Task data →
┄┄┄┄┄┄┄┄┄┄┄┄┄┄┄┄┄┄┄┄

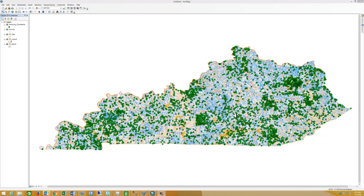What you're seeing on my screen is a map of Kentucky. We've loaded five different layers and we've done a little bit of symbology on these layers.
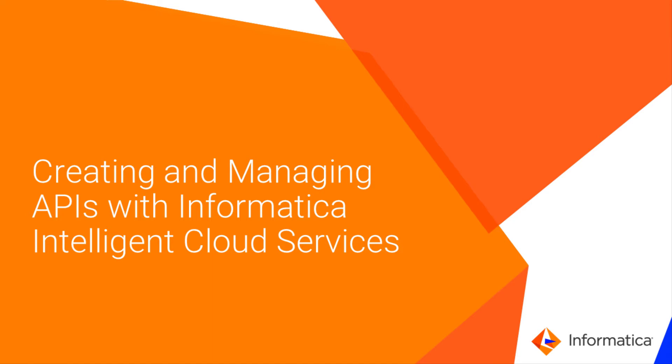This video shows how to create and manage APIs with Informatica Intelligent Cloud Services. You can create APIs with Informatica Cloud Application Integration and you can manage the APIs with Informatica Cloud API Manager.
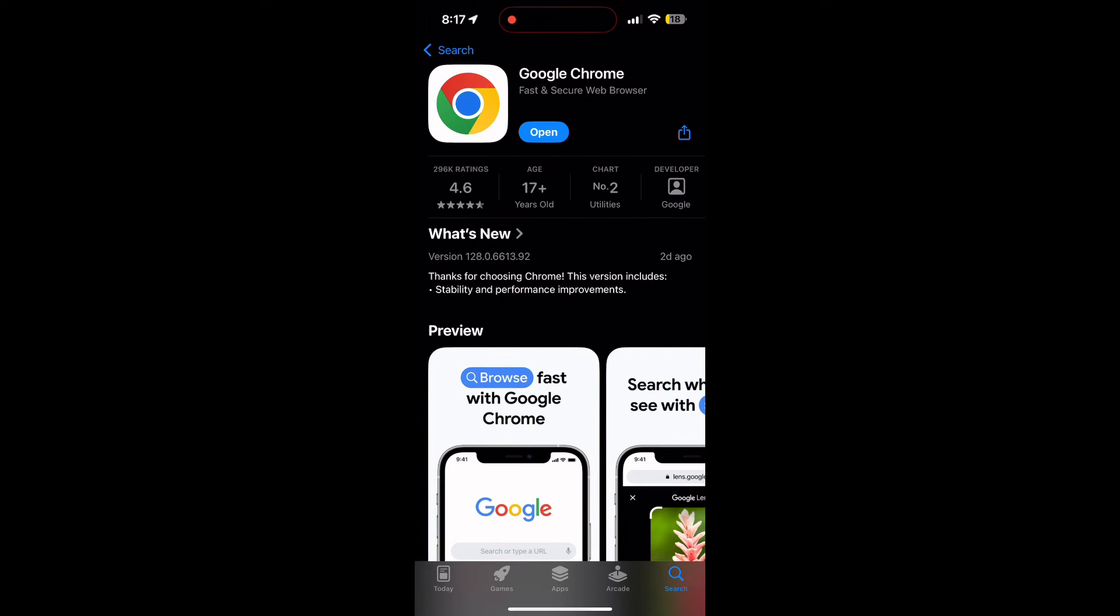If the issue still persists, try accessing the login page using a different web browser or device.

┄┄┄┄┄┄┄┄┄┄┄┄┄┄┄┄┄┄┄┄

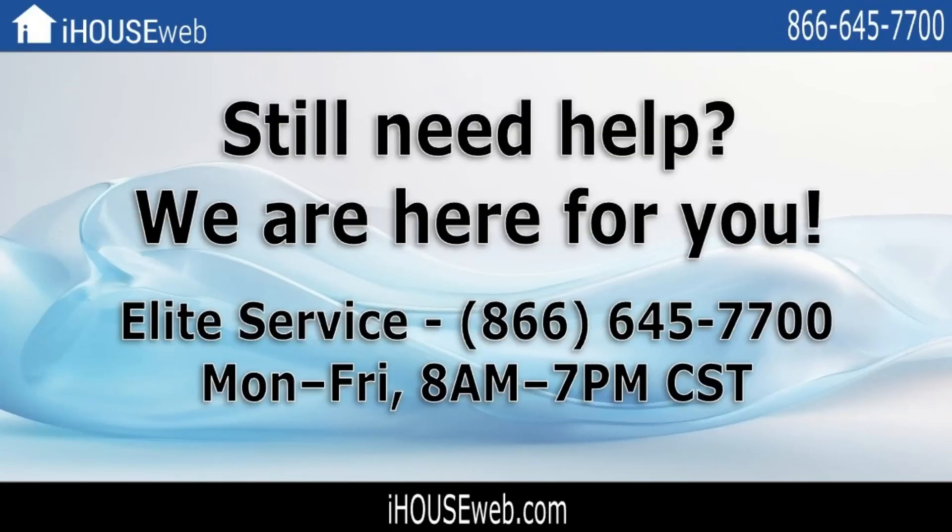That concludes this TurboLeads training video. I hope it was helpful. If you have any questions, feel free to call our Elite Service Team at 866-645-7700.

┄┄┄┄┄┄┄┄┄┄┄┄┄┄┄┄┄┄┄┄

Exercise → Every line from the one with "This video shows" through the one with "If the issue" is to be reproduced exactly as written above, and the pictures are to be dropped.

Exercise answer →
This video shows how to create and manage APIs with Informatica Intelligent Cloud Services. You can create APIs with Informatica Cloud Application Integration and you can manage the APIs with Informatica Cloud API Manager.
If the issue still persists, try accessing the login page using a different web browser or device.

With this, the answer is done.